01 November 1999 00:00 [Source: ICB]BASF and DuPont's impending capacity additions will exacerbate the already oversupplied European market, resulting in further downwards pricing pressure in the near future
Global capacity for formaldehyde is put at around 24-26m tonne/year, with capacity in western Europe standing at approximately 7.4m tonne/year. With demand at 6.5m tonne/year, the European market is reported to be considerably oversupplied in some areas: producers with a high captive use are selling excess material into the free market to try to regain some balance.

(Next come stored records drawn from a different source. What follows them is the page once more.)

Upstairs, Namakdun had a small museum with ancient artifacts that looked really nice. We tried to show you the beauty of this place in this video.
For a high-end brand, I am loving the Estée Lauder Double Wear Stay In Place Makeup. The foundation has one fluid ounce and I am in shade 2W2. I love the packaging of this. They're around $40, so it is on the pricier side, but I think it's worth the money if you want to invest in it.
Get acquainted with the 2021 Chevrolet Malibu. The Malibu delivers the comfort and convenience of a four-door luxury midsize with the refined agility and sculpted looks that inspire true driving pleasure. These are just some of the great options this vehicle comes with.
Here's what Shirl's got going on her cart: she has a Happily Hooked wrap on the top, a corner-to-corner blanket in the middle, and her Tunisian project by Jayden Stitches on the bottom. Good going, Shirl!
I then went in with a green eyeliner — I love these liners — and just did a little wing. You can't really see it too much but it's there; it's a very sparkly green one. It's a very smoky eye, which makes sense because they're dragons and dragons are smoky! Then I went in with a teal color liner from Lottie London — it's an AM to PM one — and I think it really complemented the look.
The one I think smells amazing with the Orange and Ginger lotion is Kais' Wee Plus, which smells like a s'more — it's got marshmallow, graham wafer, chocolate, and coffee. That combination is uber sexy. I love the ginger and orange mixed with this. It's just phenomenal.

European demand is slated to increase at a rate of 1-2%/year while global demand is set to increase at a rate of 2-3%/year, following GDP. Several large producers are planning to bring large capacities onstream in 2000 which will only add to the oversupply of formaldehyde which is currently occurring.

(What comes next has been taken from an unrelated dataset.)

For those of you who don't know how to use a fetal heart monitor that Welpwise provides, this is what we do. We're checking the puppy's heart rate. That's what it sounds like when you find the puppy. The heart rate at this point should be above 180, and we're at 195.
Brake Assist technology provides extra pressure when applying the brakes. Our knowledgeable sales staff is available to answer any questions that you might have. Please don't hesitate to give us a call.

Formaldehyde is a pungent-smelling gas and is commercially offered as a 37-50% aqueous solution, with 37% the most widely used grade. It is derived from methanol and approximately half of demand in Europe is used in the manufacture of urea formaldehyde resins and concentrates. From this, bonding adhesives are produced for use with plywood and other light wood products.
Another major use is in protective coatings and in the treatment of textiles and paper. It is also used as an application in fertilisers. Formaldehyde is also used to make acetal resins that are moulded into plastic engineering parts, that in turn are used in consumer, plumbing and hardware, and other industrial and automotive products.
Formaldehyde prices are closely linked to the feedstock methanol, and generally tend to mimic its movements either upwards or downwards. In western Europe formaldehyde tends to be traded regionally over small distances due to its toxic nature: liquid formaldehyde is only transported within an approximately 320km radius of production and, as a result, European prices vary according to country and region and are unofficially set on a quarterly contract basis. The Italian contract price is generally seen at a lower level than the German one, for example. Current unofficial German contract prices are pegged at DM250-300/tonne ($136-163/tonne) according to one German producer for quarter four 1999.
In the US, prices are slated to move up in non-formula formaldehyde after a stagnant period of little price movement. Prices will be more in line with formula prices which absorbed the methanol increase being passed through to the downstream market. Upwards movement of 7-8% in both formula and non-formula material is expected for October.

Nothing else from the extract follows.